MUMBAI, India – It was a chaotic scene outside the bishop’s residence in Jalandhar, India, as police arrived on Monday to interrogate Bishop Franco Mulakkal, who has been accused by a nun of raping her on 13 different occasions between 2014-2016 at the nun’s order’s convent in the southern Indian state of Kerala.

Kerala police traveled to the bishop’s home in the northern state of Punjab, but the bishop was not in the residence when they arrived. The officers interrogated other persons at the residence who were on their witness list, when the bishop finally arrived in the early evening.

As Mulakkal entered the compound, his private security scuffled with several members of the news media covering the event, and 13 journalists claimed they were assaulted.
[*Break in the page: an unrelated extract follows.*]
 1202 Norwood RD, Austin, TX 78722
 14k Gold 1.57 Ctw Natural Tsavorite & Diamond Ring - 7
Mulakkal was expected to be arrested Monday by many observers, after police earlier approached the Kerala High Court, asking for an arrest warrant.
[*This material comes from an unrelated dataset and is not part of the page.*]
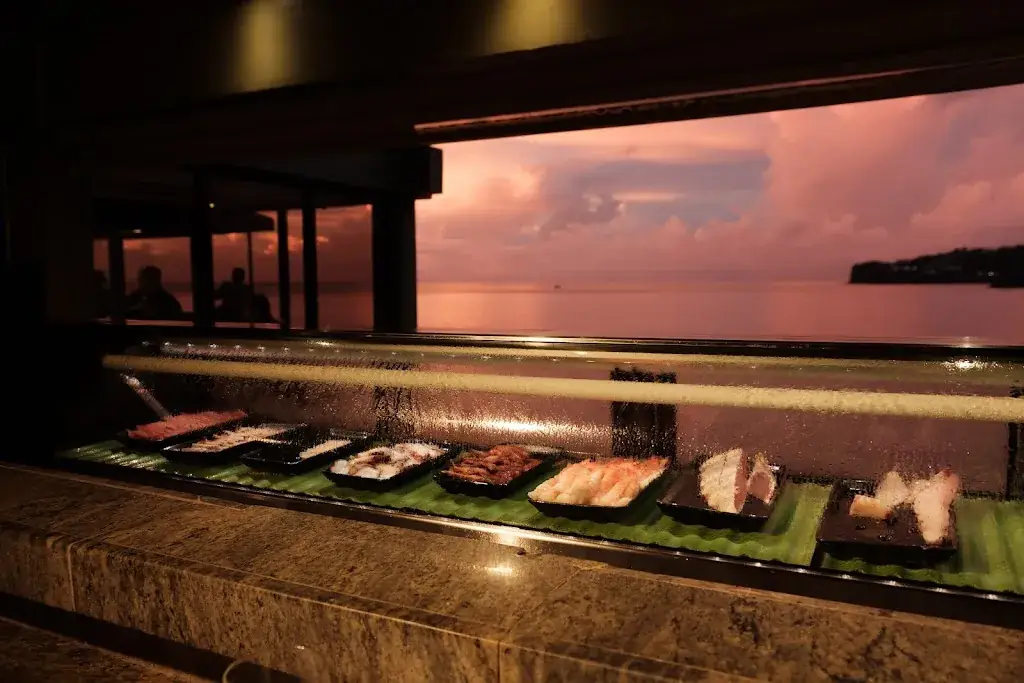 Kimonos_Lucia_slider_image_1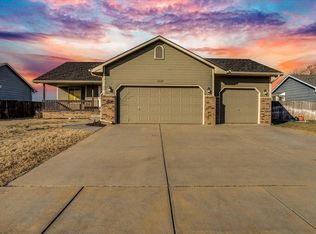 1137 Red River Cir, Clearwater, KS 67026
“The available evidence collected so far revealed that the accused Bishop Franco committed an unnatural offence and raped the nun repeatedly on different dates from May 6, 2014, to September 23, 2016, against the will and consent of the victim by abusing his dominance over her as Bishop of Jalandhar. The offence was committed after confining her in the guest room No. 20 of St Francis Mission Home, Kuravilangad,” said the statement filed by the police with the court.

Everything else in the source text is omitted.